[Short descriptive text snippets]
════

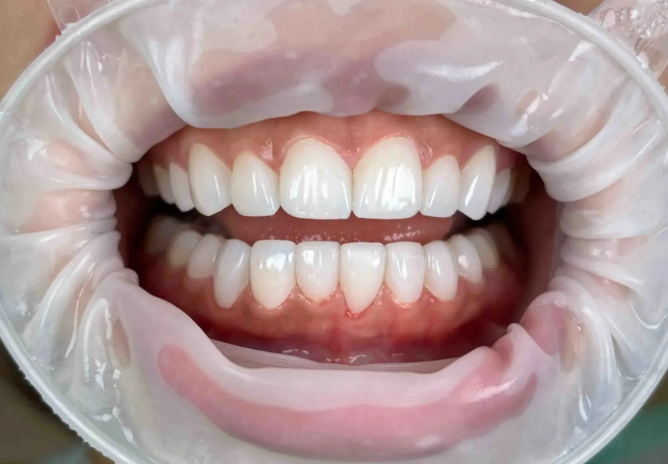 五、佛山登特口腔全瓷贴片术后护理及注意事项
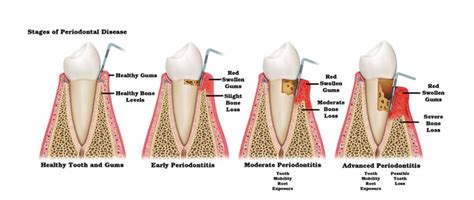 Tooth Gum Diagram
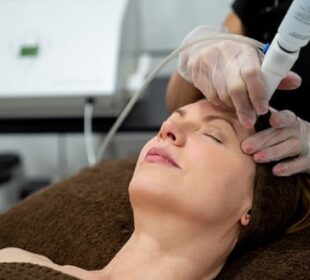 Laser Resurfacing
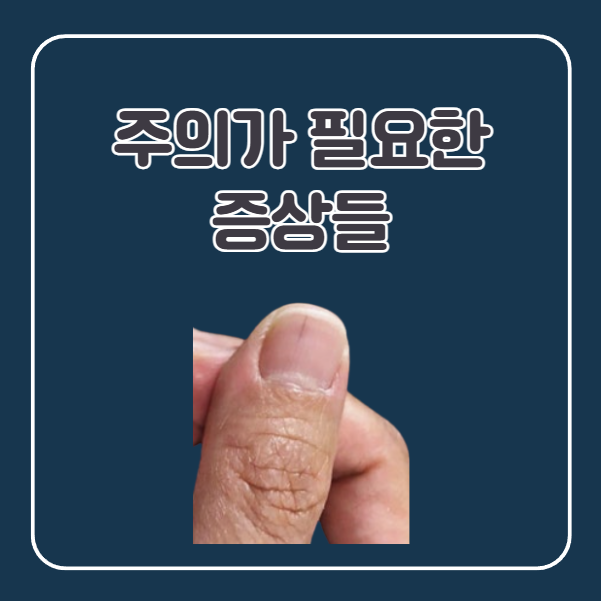 손톱 밑 검은줄 주의가 필요한 증상들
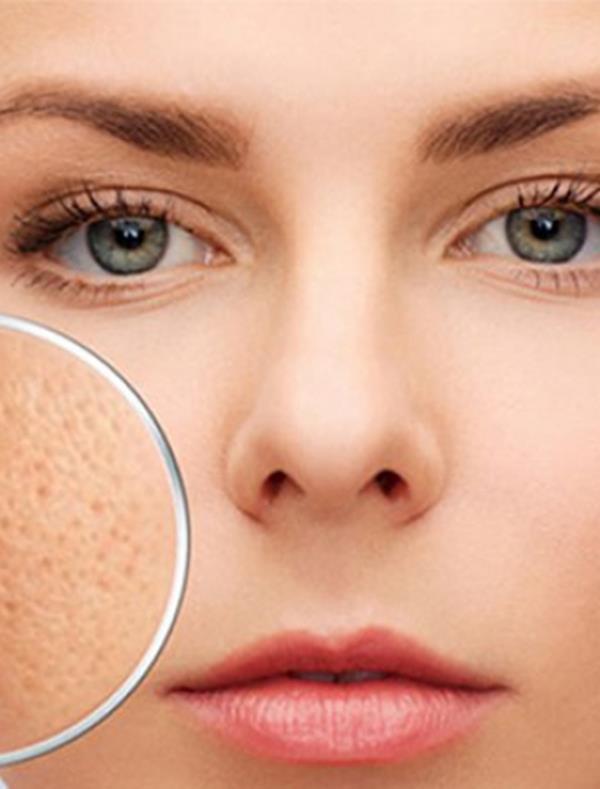 Điều Trị Sẹo Rỗ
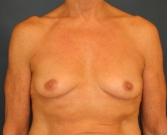 Feel Beautiful - Breast Implants - Before Photo
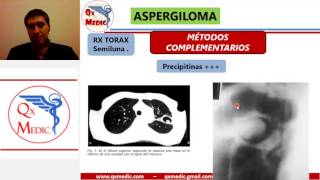 ASPERGILOMA [upl. by Lafleur]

════

### WORK INSTRUCTION
Set out every record exactly, images excluded.

### SOLVED PROBLEM
 五、佛山登特口腔全瓷贴片术后护理及注意事项
 Tooth Gum Diagram
 Laser Resurfacing
 손톱 밑 검은줄 주의가 필요한 증상들
 Điều Trị Sẹo Rỗ
 Feel Beautiful - Breast Implants - Before Photo
 ASPERGILOMA [upl. by Lafleur]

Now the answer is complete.